*** Opening Excerpted records ***
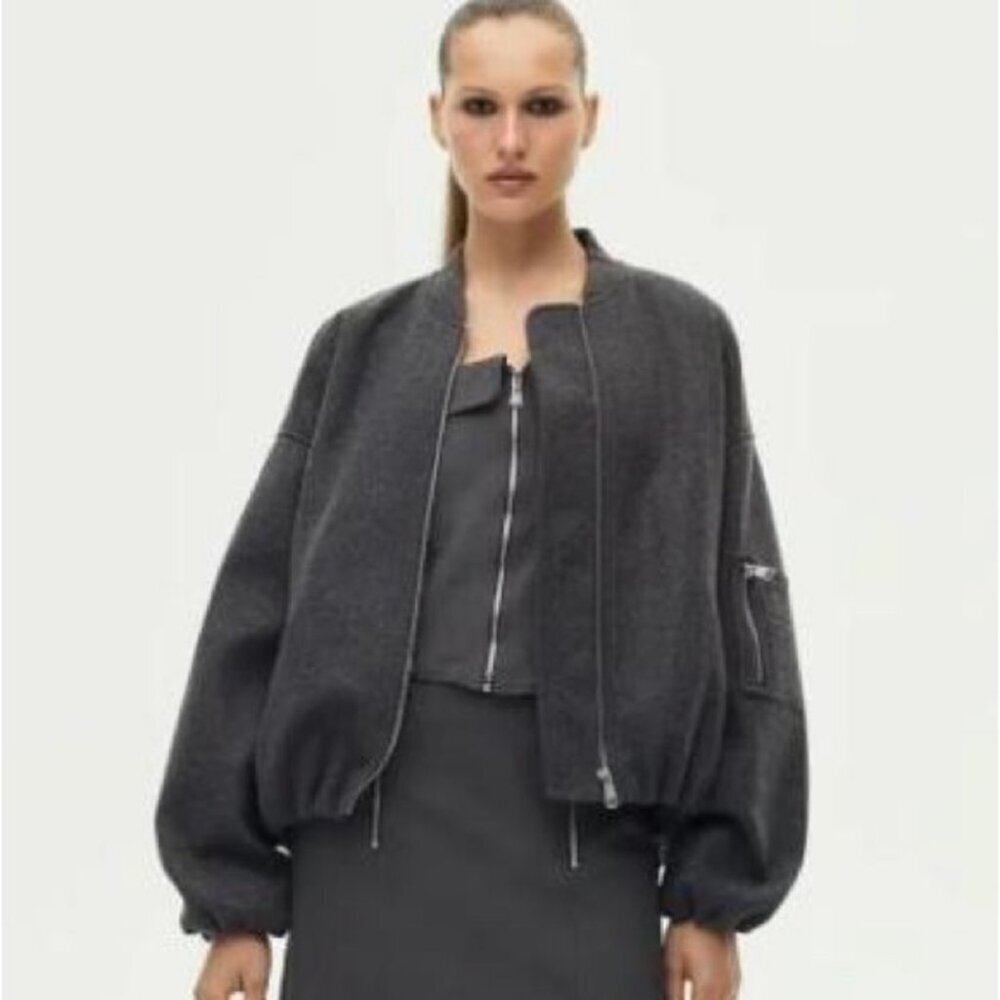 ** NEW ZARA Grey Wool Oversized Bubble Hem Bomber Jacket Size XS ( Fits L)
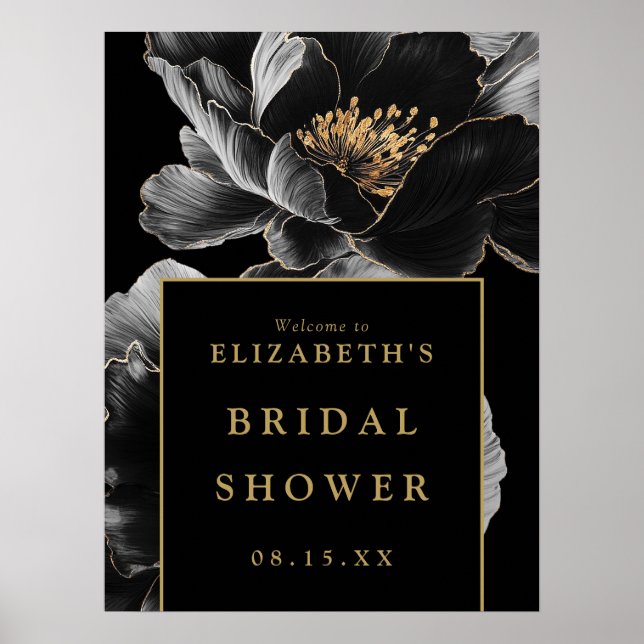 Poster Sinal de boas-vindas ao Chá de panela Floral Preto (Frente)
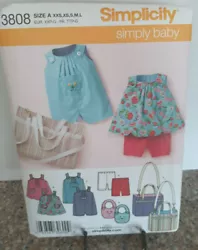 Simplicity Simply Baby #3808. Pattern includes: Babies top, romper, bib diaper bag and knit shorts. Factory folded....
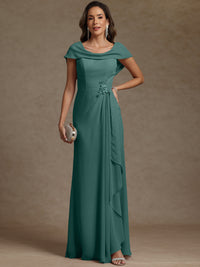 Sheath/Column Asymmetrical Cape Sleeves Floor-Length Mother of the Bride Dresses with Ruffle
*** Closing Excerpted records ***
*** Opening Excerpted records ***
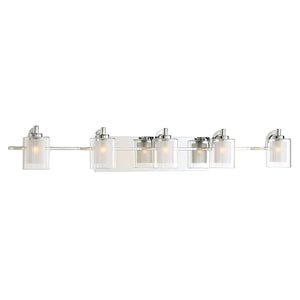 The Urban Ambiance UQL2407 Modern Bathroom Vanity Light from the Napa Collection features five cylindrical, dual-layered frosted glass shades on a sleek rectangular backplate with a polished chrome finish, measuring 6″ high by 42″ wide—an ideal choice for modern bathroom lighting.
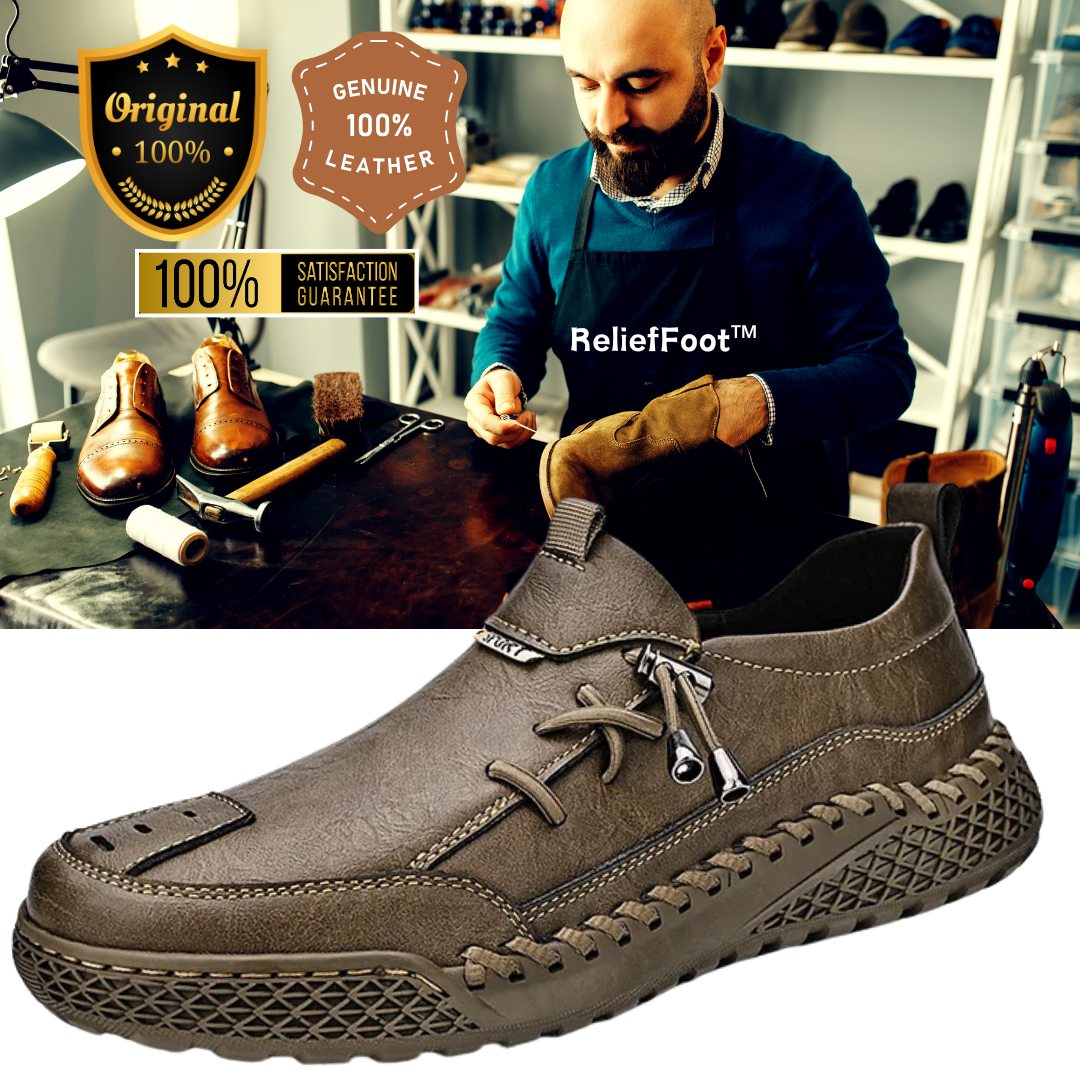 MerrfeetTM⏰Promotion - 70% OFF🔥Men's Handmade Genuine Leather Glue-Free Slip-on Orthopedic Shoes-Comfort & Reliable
*** Closing Excerpted records ***
• Exercise details
Set down word for word the lines above from the one with "XS ( Fits L)" up to and including the one with "Simplicity Simply Baby". Omit every picture.

• Answer section
 ** NEW ZARA Grey Wool Oversized Bubble Hem Bomber Jacket Size XS ( Fits L)
 Poster Sinal de boas-vindas ao Chá de panela Floral Preto (Frente)
 Simplicity Simply Baby #3808. Pattern includes: Babies top, romper, bib diaper bag and knit shorts. Factory folded....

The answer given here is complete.